Zariyat 56. Âyet-i Kerime: “(Ben) cinleri ve insanları, ancak Bana ibâdet etsinler diye yarattım!”
Allah’a kulluk etmenin adıdır ibadet… “Kâinatın ve dolayısıyla insanların hılkatindeki hikmet ve gaye” der Üstadımız ibadet için. Ve o, asrın müceddidi, âlimi olmasının yanında, kulluğun nişanesi olan ibadete de hayatıyla örnek oluyor.
Çokları sabah namazını ıskalarken, fazıl zatların hayatında gördüğümüz ortak noktalardan biri gece ibadetidir. Secde Suresi 16. Âyet-i Kerime’de Rabbimiz şöyle buyurur: “(Teheccüd namazı kılmak için) yanları yataklardan uzaklaşır; korkarak ve umarak Rablerine dua ederler ve kendilerini rızıklandırdığımız şeylerden (Allah yolunda) sarf ederler.” Tabi onlar fazıllar gece namazına uyanmak onlar için zor olmasa gerek mi diyorsunuz? Bakın onlardan yalnız biri olan Üstad talebelerinden birine, bir gün şöyle diyor: “Ben gece ibadeti için yirmi sene nefsimle mücadele ettim sonra hacet kalmadı.” Yorganı üzerinden atabilmek için güçlü olmalı insan, demek gerekirse yirmi sene mücadele etmeli bunun için. Allah’a kul olmakta başarılı olanlar için mükerrer defa öyle müjdeler var ki, aslında bütün ömrü mücadele içinde geçirmeye değer.

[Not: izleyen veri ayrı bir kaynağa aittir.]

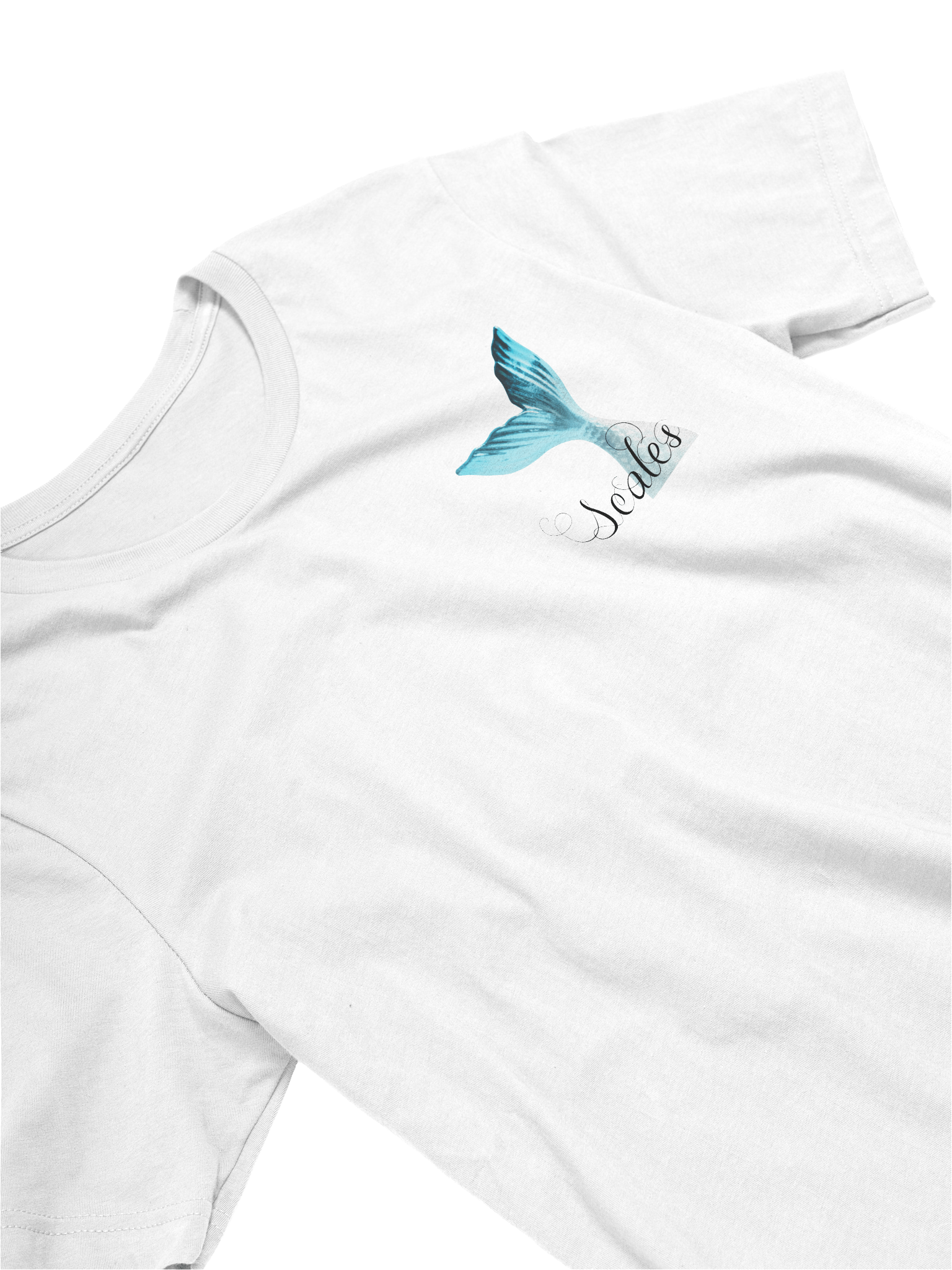 Scales Mermandy Waltz T-Shirt product image (3)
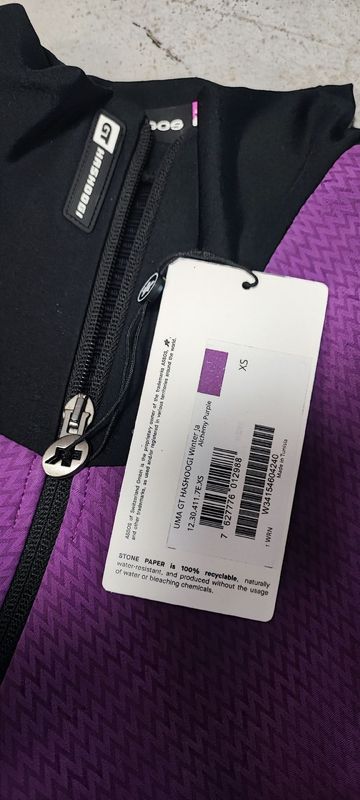 Použité Assos Giacca Donna TG.XS 2025 bike — obrázek 2 z 3
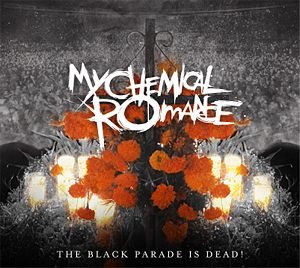 My Chemical Romance - The Black Parade Is Dead! cover art
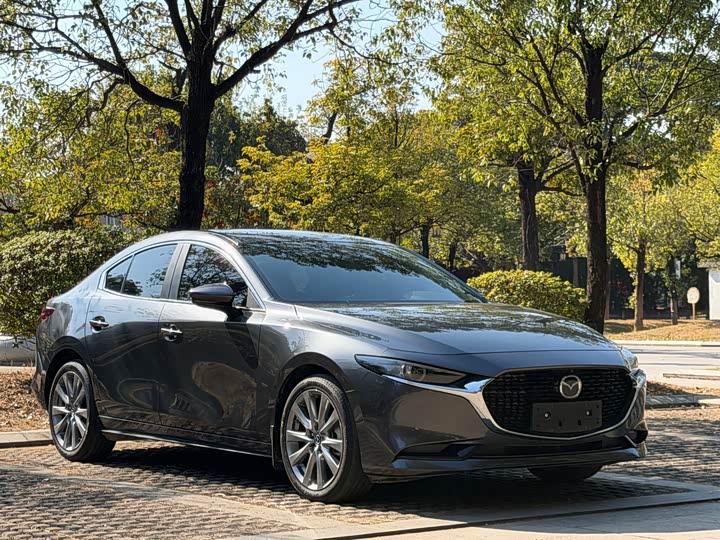 Mazda 3 (Axela) 2023 2023款 2.0L 自动质臻版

Secde Suresi 17. Âyet-i Kerime: “Artık, yapmakta olduklarına bir karşılık olarak onlar için göz aydınlığı olacak olan (nimetler)den nelerin saklandığını kimse bilmez.” Yalnız burada şöyle bir parantez açmak faydalı olabilir; ibadetlerin illeti faydalar hikmetler olmamalı. Yalnız Allah emrettiği için yapılmalı. Belki fayda ve hikmetleri, tabiri caizse birer teşvik edici olmalı. İşârâtü’l İ’caz adlı eserinde Üstad bu konuya şu şekilde açıklama getiriyor; “İbadetin ruhu ihlastır. İhlas ise yapılan ibadetin yalnız emredildiği için yapılmasıdır. Eğer başka bir hikmet ve bir faide ibadete illet gösterilse o ibadet batıldır. Faydalar, hikmetler, yalnız müreccih olabilirler, illet olamazlar.”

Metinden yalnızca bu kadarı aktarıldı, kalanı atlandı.